3)  I had felt more comfortable just writing everything that came to mind, which helped me become a better writer not just recreationally, but in my essays in school as well.  It made me realize that I don't need it to be perfect when it first goes down on the page, and it doesn't need to be perfect for me to get past it.  You can -always- go back later, and that's the biggest thing I got out of that.


----------



## ChibiJaime (Jul 28, 2007)

Just write, write, write.

Egh, every time I go back to this thread, I pine for a writers' forum here on the board. But with everything that's going on lately, that's so unlikely...


----------



## Kyrre (Jul 28, 2007)

Yeah, I wouldn't mind seeing one of those myself.  I don't know if I'd post much in it... but I'd probably read a lot of it.  lol


----------



## Kiniel (Jul 30, 2007)

_


----------



## Vore Writer (Aug 13, 2007)

I tried a couple of times.
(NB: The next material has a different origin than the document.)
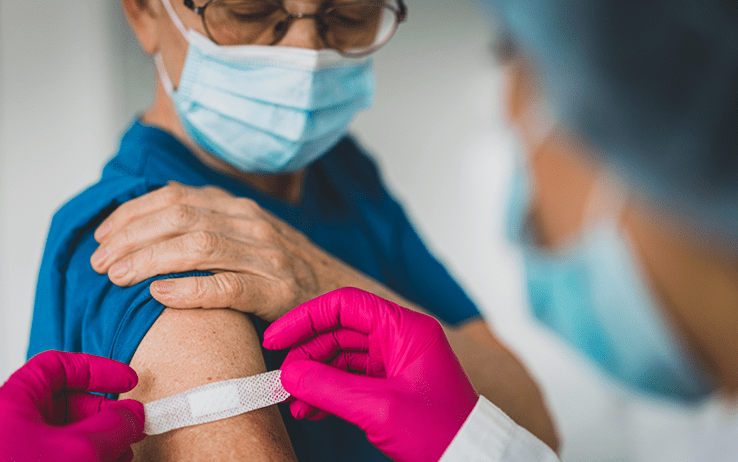 clinician putting a bandaid on a man's upper arm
I think the first time I did it I failed. I completely lost interest in the story I was writing. The chapters were pretty much repeat, nothing major was really happening, and I nuked it with a sucky ending. The second time I did it I passed, but I haven't touched the story since. I think I just wrote it to see if I could actually write 50,000 plus in a month.

As for doing it this year, I have no idea. It depends if I'm still writing Run or not.
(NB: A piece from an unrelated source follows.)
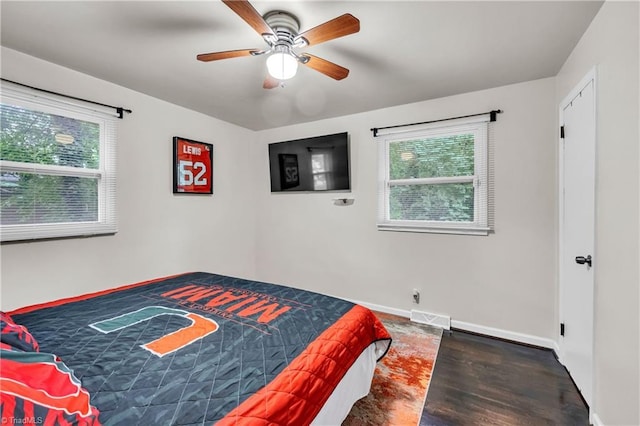 615 Sherman St, Greensboro, NC 27410 - bedroom featuring wood finished floors, baseboards, and ceiling fan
There's another thing called NanoWriye, and it's basically like Wrimo but you have a year and not a month to write. All you really do is just set a goal, and obviously you try and beat it by the end of the year.


----------



## ChibiJaime (Aug 14, 2007)

I don't know. Having a year to do it just seems... ehn. I'd forget and lose interest. A month gives my friends ample reason to be my ruthless slave-drivers cheerleaders.

Also, having a year just seems to take away from the original point, which was writing for writing's sake, not for having a perfectly sculpted piece at the end of the month.


----------



## fruitcake (Aug 15, 2007)

I participated last year, but I didn't finish.

I'm going to give it another shot this year.

I wish it wasn't in Novemeber... I'll probably be too busy fretting about midterms to finish (again!).


----------